At the time of his return to the Red River Settlement, Canada included only the provinces of Quebec, Ontario, Nova Scotia and New Brunswick. The territory known as Rupert's Land, which extended west from Ontario all the way to the Rocky Mountains, belonged to the Hudson's Bay Company. The Company appointed a governor and council to administer the Settlement situated at the junction of the Red and the Assiniboine Rivers. Fort Garry lay at the heart of the Settlement, referred to as the District of Assiniboia, and was the headquarters of the Hudson's Bay Company.

During the 1850's, the Métis had succeeded in breaking the fur trade monopoly that the Company had held until then. The Company had been forced to concede a political role in governing the Settlement and certain property rights to the Métis. The years between 1850 and 1860 marked the end of the old way of life in the North-West. Before 1849, changes in the Settlement had occurred because of internal events, but after 1850 they would be the result of external factors, centred around Canadian and American politics.

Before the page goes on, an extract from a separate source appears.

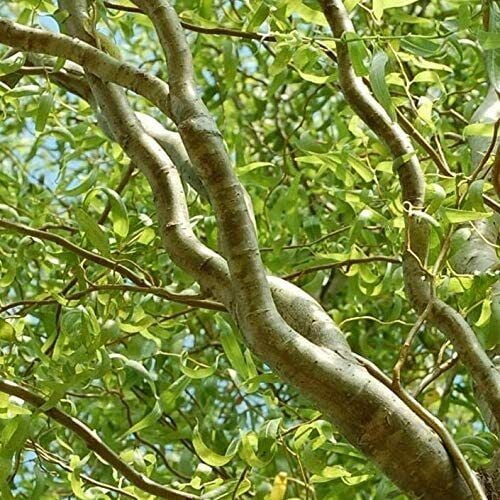 Corkscrew Willow Tree Cuttings Leaves And Branches Curl Very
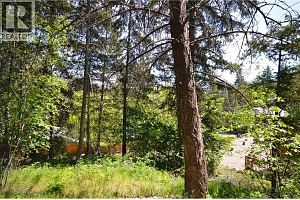 10713 Westshore Road - Photo 22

With its east-west axis of development, Canada was inevitably bound to come into contact with Métis society. The first clash occurred in 1857 when the Dawson-Hind exploration expedition arrived to study the land. The expedition recommended that the Canadian government acquire the arable part of the Company's land. At the same time, an annexationist movement in the United States threatened future occupation of the Territories. Canada could not count on any military action to thwart this movement and the Company did not have any force at its disposal to ward off this threat. The only remaining alternative was annexation of the North-West Territories by Canada. In 1869, a unique opportunity presented itself, for the Hudson's Bay Company agreed to sell this territory to Canada. It was at this point in time that Louis Riel returned to the settlement he had not seen for ten years.

Many changes had taken place in the Settlement since his departure. With the arrival of numerous settlers from Ontario, Fort Garry had become an active commercial centre. For economic and political reasons, these "Canadians" were opposed to the Company's authority, while the Métis were worried about the future under the Canadian government. They were afraid the country would be invaded by people from Ontario and that this would create a problem for the Métis, since these newcomers would be English-speaking Protestants, unlike the French-speaking Métis who were Catholic. In addition to the problems of language and religion, they were justifiably afraid of losing their lands, for most of the Métis were squatters or settlers without title.